Start of Data

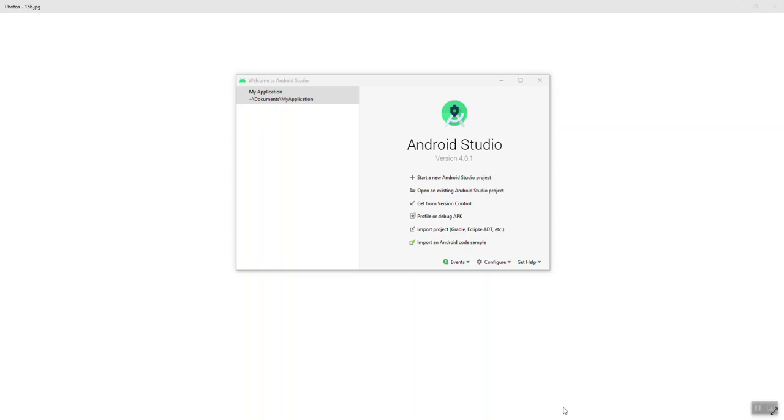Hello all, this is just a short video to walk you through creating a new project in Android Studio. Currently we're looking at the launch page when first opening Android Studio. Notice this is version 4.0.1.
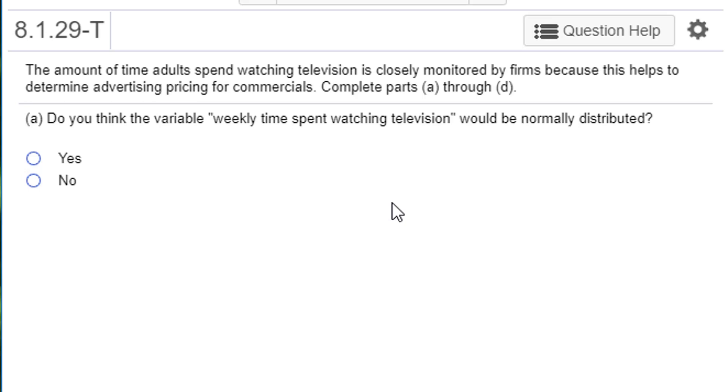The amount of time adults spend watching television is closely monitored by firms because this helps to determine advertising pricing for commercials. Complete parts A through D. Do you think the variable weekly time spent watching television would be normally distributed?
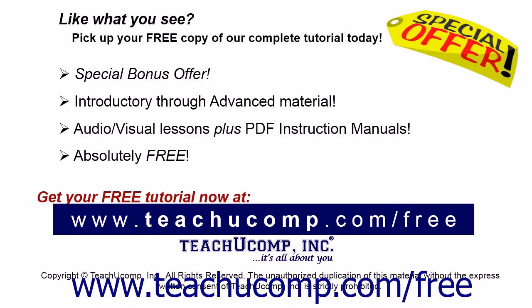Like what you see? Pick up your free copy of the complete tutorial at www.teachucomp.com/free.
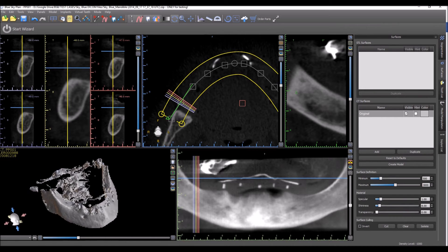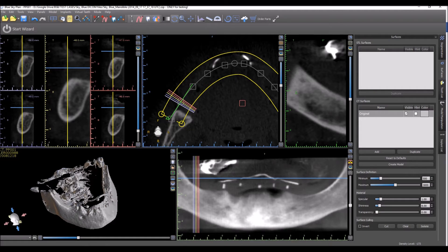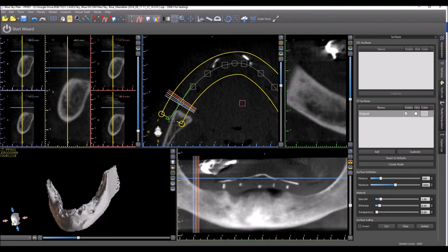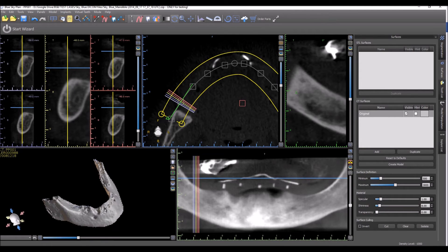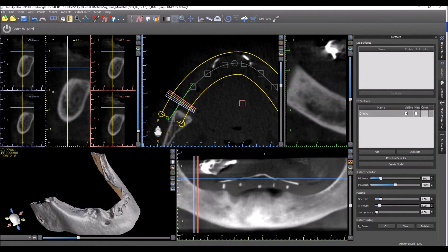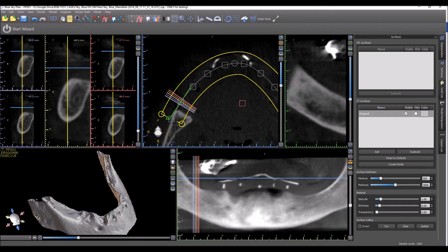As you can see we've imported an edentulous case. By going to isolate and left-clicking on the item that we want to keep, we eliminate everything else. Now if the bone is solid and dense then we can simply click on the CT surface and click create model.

End of Data

• Task brief
Before copying the data, remove the pictures. Then repeat the rest exactly.

• Written answer
Hello all, this is just a short video to walk you through creating a new project in Android Studio. Currently we're looking at the launch page when first opening Android Studio. Notice this is version 4.0.1.
The amount of time adults spend watching television is closely monitored by firms because this helps to determine advertising pricing for commercials. Complete parts A through D. Do you think the variable weekly time spent watching television would be normally distributed?
Like what you see? Pick up your free copy of the complete tutorial at www.teachucomp.com/free.
As you can see we've imported an edentulous case. By going to isolate and left-clicking on the item that we want to keep, we eliminate everything else. Now if the bone is solid and dense then we can simply click on the CT surface and click create model.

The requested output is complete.